What are your thoughts on the future of festivals and awards? Does your preference lie with an online event, a physical one, or a hybrid?

Up until this year and for most of the last 57 years the Shark Awards comprised a three day event ending with a sit down dinner and awards presentation ceremony. Throughout the three days and nights there were speaker presentations and networking events for the attending delegates in the picturesque town of Kinsale on the south coast of Ireland. Here we had the ideal mix for a successful international creative festival. Unfortunately, with the arrival of COVID this year we were forced to postpone the festival and awards in this format. The festival part was put on ice but we went ahead with the awards, bringing the entrants’ work to our panel of international judges via in part, online judging and then the final awarding of trophies decided when the judges met in The Groucho Club observing all the COVID protocols. We see this format as only necessary given the current circumstances regarding restrictions in travel, gatherings, etc. and our ongoing planning is based around returning when possible to the Kinsale type event. So, I guess we favour the physical one, maybe with a sprinkle of Zoom.

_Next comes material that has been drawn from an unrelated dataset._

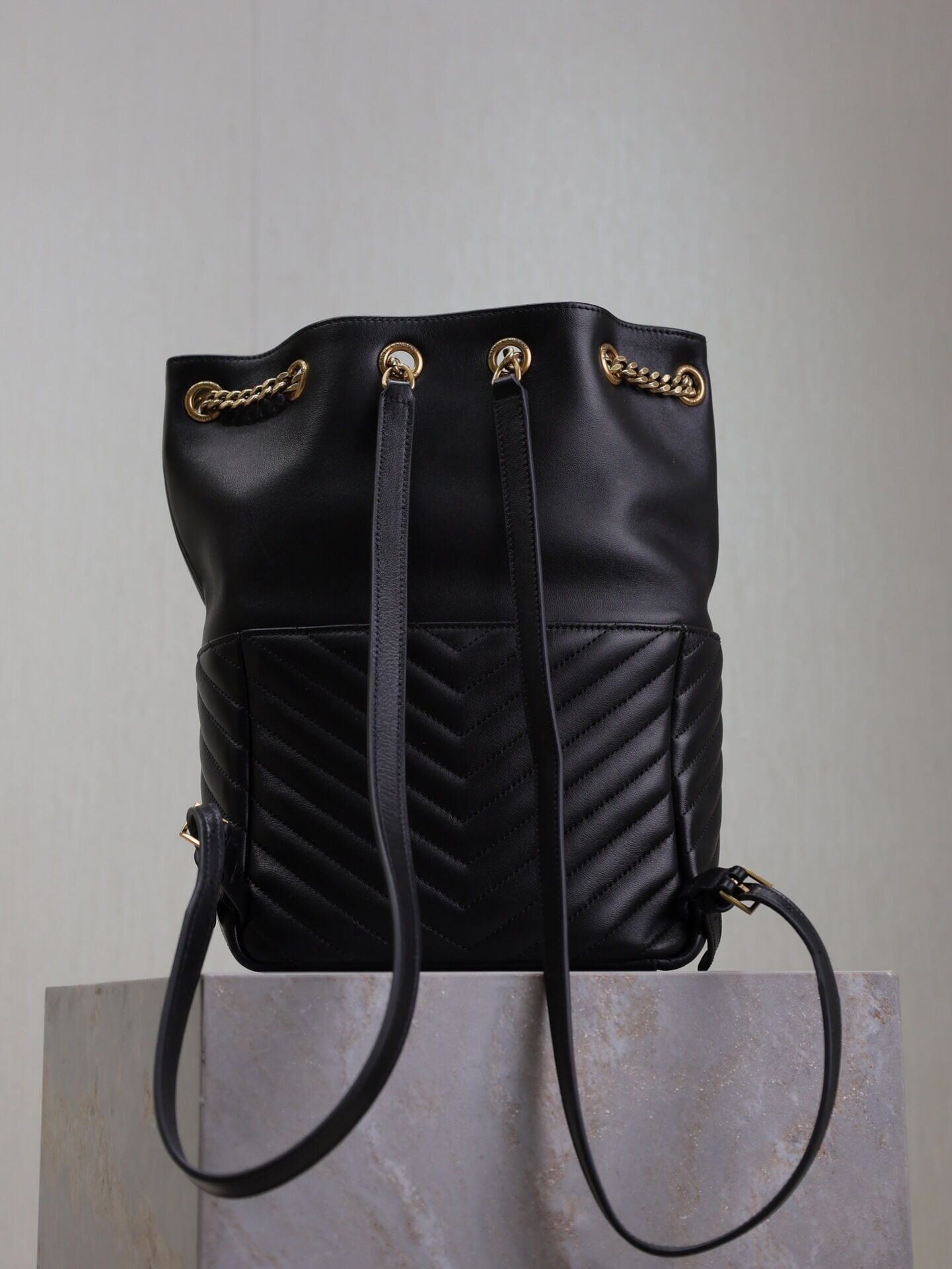 y*l Sa**t Lau*nt joe drawstring quilted backpack 22x29x15cm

Short film does exactly what it says on the film tin. It is a form of storytelling that demands great discipline in both its creation and execution.

Where would you like to see the Shark short film awards go in the future?

Our ambition is to grow the Shark short film awards and to create its own standalone festival event with a programme of industry speakers and network events. Who knows, we may even look at another sector, feature films for television and cinema? We might even persuade a famous Hollywood director to speak at the event. After all, there is the Shark connection. Maybe we would call it The Shawshark Convention!